_Problem to work on_.
The line containing "Bed Frame with", and every line after it to the end of the listing, should be repeated exactly; the pictures should not.
======== Data segment ========
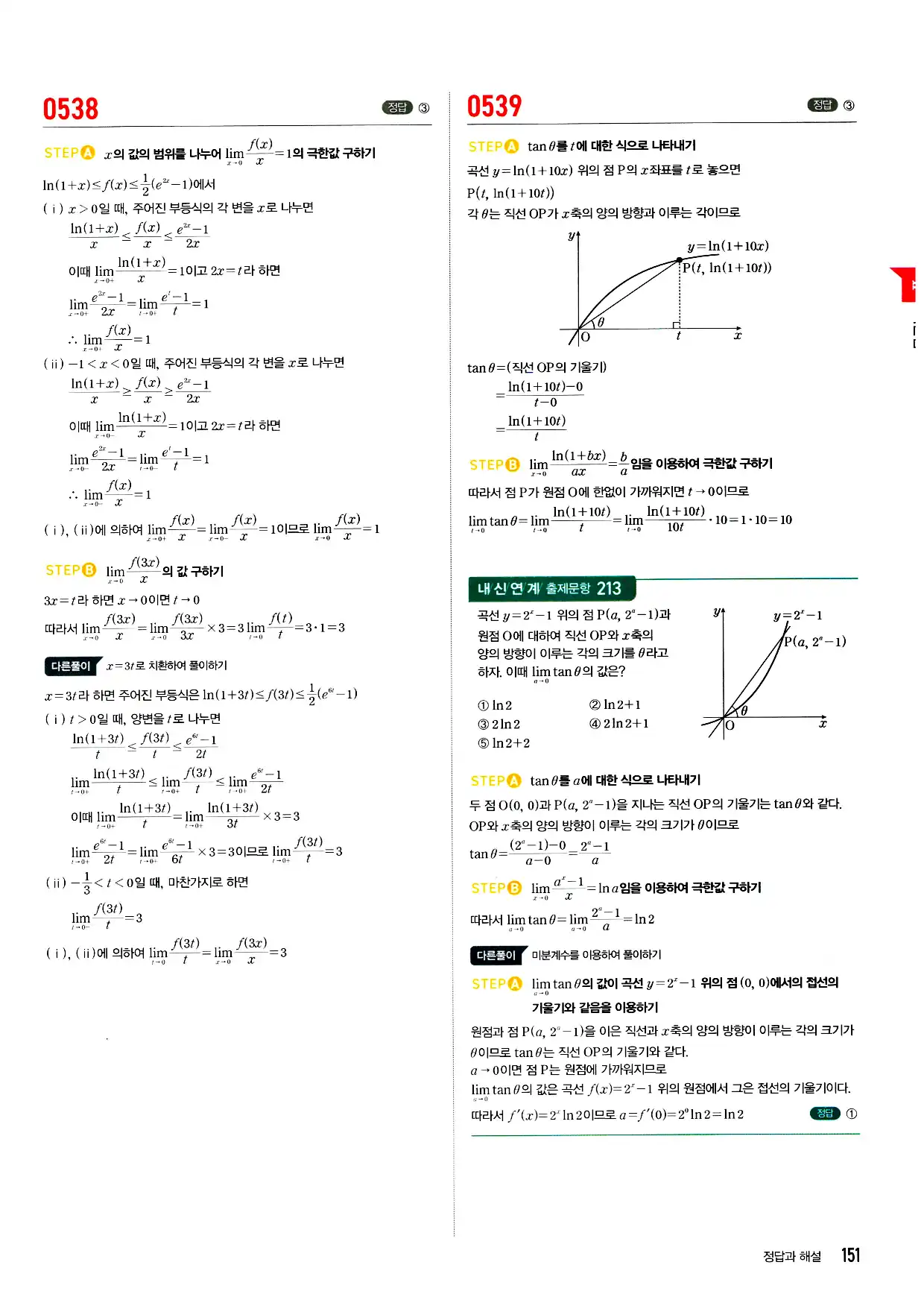 마플시너지 미적분 답지 151페이지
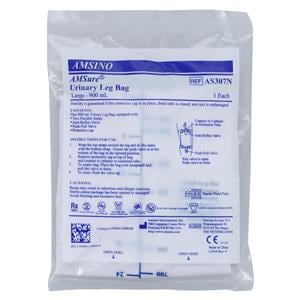 AMSure Urinary Leg Bag 900mL Disposable Twist Turn Anti-Reflux Valve, 48 EA/CA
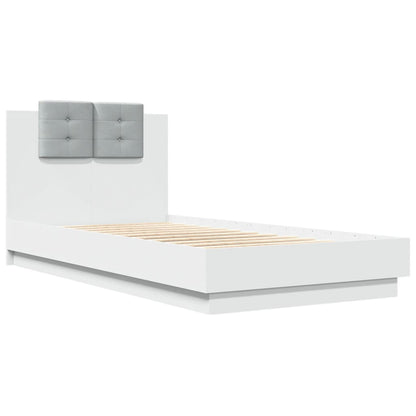 Bed Frame with LED without Mattress White 75x190 cm Small Single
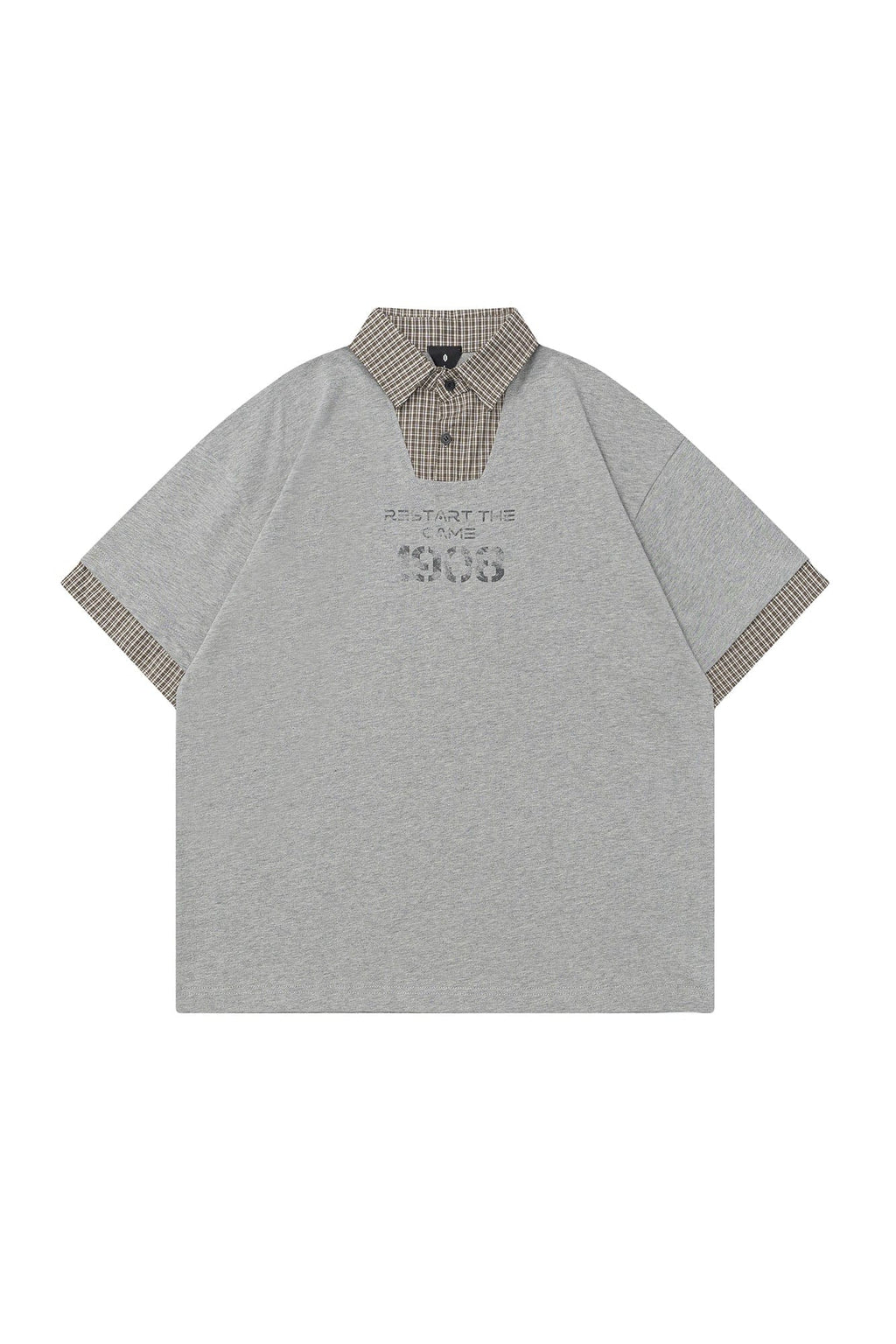 OVDY Layered Plaid Panel Mock Shirt T-Shirt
========
_Result_.
 Bed Frame with LED without Mattress White 75x190 cm Small Single
 OVDY Layered Plaid Panel Mock Shirt T-Shirt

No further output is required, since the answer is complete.